Automotive Author:EqualOcean News , Leci Zhang, Yiran Xing Editor:Yiran Xing Jan 08, 2026 11:16 AM (GMT+8)

On the first day of CES 2026, Chinese robotics company AGIBOT (智元机器人) officially released Genie Sim 3.0, the world’s first open-source simulation platform driven by large language models (LLMs), and simultaneously open-sourced a dataset containing tens of thousands of hours of real robot operation scenarios, making it one of the event’s key technical highlights.

Genie Sim 3.0

Built on NVIDIA Isaac Sim, Genie Sim 3.0 integrates 3D reconstruction and visual generation to create digital twin–level, high-fidelity environments. It pioneers an LLM-driven approach that enables the generation of tens of thousands of scenarios within minutes.

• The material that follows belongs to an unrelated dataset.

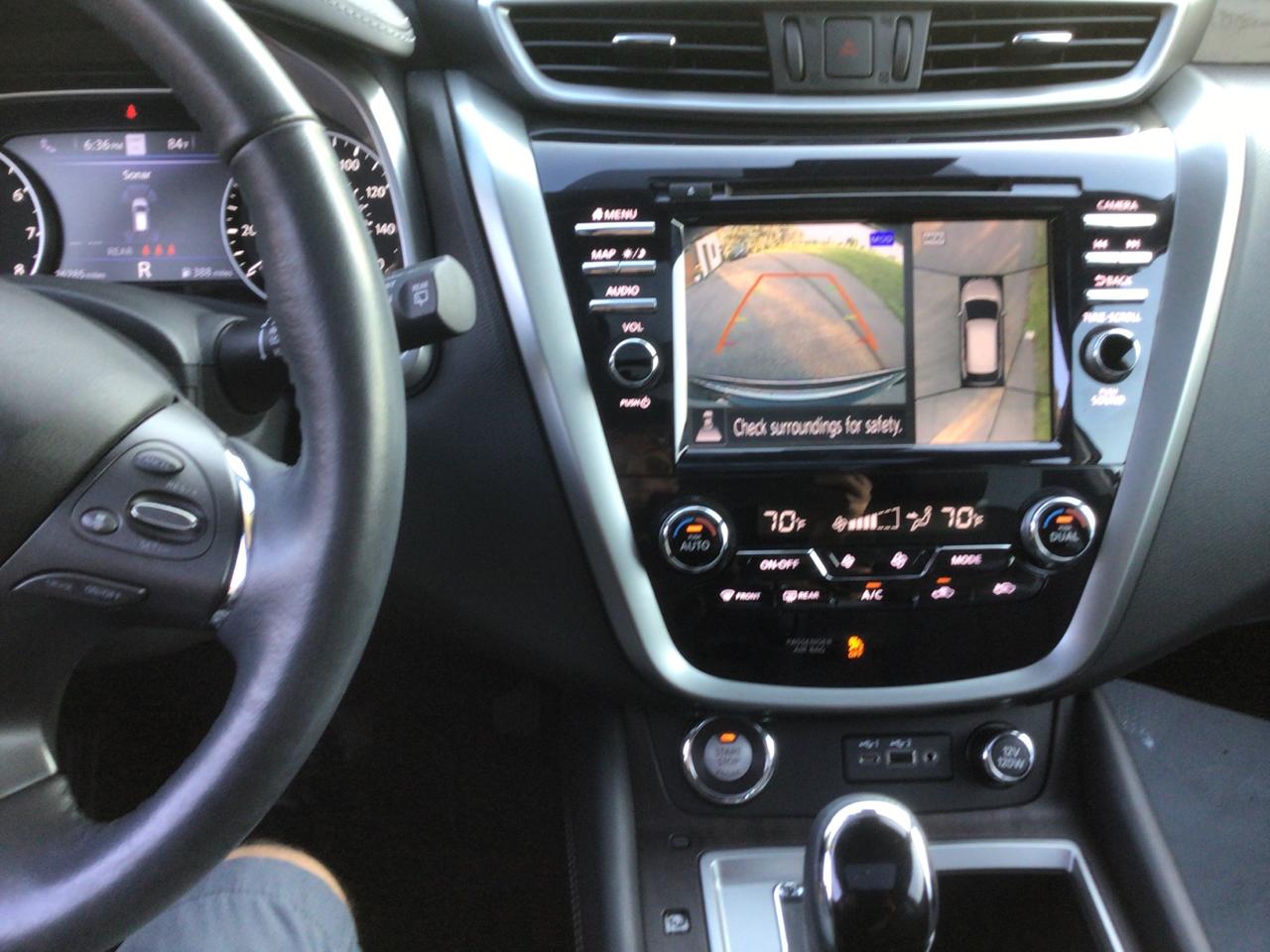 Nissan Murano Platinum AWD 2023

At the same time, it open-sources a simulation dataset comprising over ten thousand hours of real robot operation scenarios, and establishes a multi-dimensional intelligent evaluation system covering more than 100,000 scenarios, providing a comprehensive profile of model capabilities.

By offering a full closed-loop solution covering digital asset generation, scenario generalisation, data collection and automated evaluation, the platform is expected to significantly accelerate model training and validation, reduce reliance on physical hardware, improve R&D efficiency for developers and researchers, and promote innovative applications in embodied intelligence.

Project homepage: https://agibot-world.com/genie-sim
GitHub: https://github.com/AgibotTech/genie_sim
ModelScope: https://modelscope.cn/datasets/agibot_world/GenieSim3.0-Dataset

Genie Sim 3.0 introduces a new era of embodied simulation through five core highlights.

First, a digital twin–level high-fidelity simulation environment integrates 3D reconstruction, visual generation technologies and physics engines. Using tools such as the MetaCam handheld 3D laser scanner, it achieves millimetre-level replication of real environments. Visual generation models enhance realism, enabling accurate mesh simulation models to be generated from a 60-second surround video, balancing both visual and physical fidelity.

Second, natural language–driven scenario generation and generalisation allows users to automatically generate and generalise thousands of training and testing scenarios within minutes simply by inputting natural language instructions, without manual logic coding. Generated scenarios support conversational editing, enabling flexible addition or removal of details and layout adjustments with high efficiency.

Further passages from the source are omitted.